It was a beautiful flight over the foothills of the Adirondacks and then the Green Mountains of Vermont, dodging a little virga on our final descent and then finding the runway by literally spotting a clearing at the end of a rainbow. On landing rollout at tiny Wiscasset Municipal Airport, we spied a cluster of turkeys standing in the grass next to the runway, a proud tom showing off his array of feathers to the ladies. It was Friday night out on the town for them.


One of the joys of flying small planes is getting to land at these little airports. Rick, the airport manager, had arranged for our rental car to be waiting just outside the gate, with the keys and rental agreement in the desk drawer of the flight planning room. While Peg sorted out all that I pumped forty gallons of 100LL to top the tank, then parked the plane next to a couple old Cessnas and unloaded for the drive to the lodge.


The Ocean Gate Resort is a sprawling old place built over several years, with modern units from the 1990s standing next to boxy, cinder block banks of rooms from the 1960s or earlier. We marveled at the view outside our patio.


Figuring the coast would be crowded on Maine's first tourist weekend after the lockdown, Peg had made us a reservation at Coastal Prime, a toney restaurant on the water in Boothbay. As we drove the winding road past clapboard houses and secluded, rocky inlets, she relived the Boothbay she remembered, a real fishing village in its day. She'd happened there seven years or so ago when they were having their annual city waterfront fair, with children's relay races that involved lugging a dead cod, music, and lots of seafood. Most of the attendees were apparently fishermen and their families, judging from the waterproof overalls and boots.
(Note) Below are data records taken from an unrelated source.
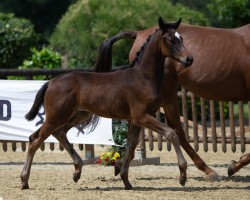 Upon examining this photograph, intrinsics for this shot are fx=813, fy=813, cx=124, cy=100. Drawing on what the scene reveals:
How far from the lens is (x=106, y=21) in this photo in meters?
21.8

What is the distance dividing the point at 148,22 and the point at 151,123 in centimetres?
1235

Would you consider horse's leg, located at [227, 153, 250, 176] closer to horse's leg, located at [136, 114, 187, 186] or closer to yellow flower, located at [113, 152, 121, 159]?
horse's leg, located at [136, 114, 187, 186]

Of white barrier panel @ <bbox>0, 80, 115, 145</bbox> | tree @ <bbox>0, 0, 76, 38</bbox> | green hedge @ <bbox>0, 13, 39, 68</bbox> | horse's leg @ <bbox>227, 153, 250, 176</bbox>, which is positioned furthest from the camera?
tree @ <bbox>0, 0, 76, 38</bbox>

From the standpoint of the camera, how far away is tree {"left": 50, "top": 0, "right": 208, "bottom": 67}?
21.6 m

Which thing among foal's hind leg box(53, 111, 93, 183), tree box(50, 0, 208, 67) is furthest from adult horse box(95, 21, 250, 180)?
tree box(50, 0, 208, 67)

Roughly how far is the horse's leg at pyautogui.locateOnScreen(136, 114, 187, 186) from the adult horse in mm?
1152

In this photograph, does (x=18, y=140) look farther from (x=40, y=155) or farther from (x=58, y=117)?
(x=58, y=117)

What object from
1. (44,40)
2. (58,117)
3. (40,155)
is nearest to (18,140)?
(40,155)

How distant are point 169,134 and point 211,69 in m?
1.67

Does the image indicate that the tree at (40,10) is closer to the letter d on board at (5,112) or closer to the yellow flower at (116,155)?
the letter d on board at (5,112)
Pulling into Boothbay P didn't spot much in the way of change. The first hint that things were different was the complete lack of fishing and lobster boats in the harbor, replaced by sleek center consoles and luxury trawlers.


Coastal Prime was a delight, with our table arranged around an outdoor fireplace right on the water. Our waitress had the leathery look of someone with a little too much affinity for the sun. Turns out she was a Floridian, as well. So were most of the other wait staff. She explained they came up here when things began to slow down in Florida after the winter peak. These folks clearly aren't talking about the panhandle.


We feasted on local oysters, a small, salty, delicate thing next to the cow-tongue-sized balls of Texas goop they now serve down south, and split a steak-and-lobster plate. We were in Maine, after all.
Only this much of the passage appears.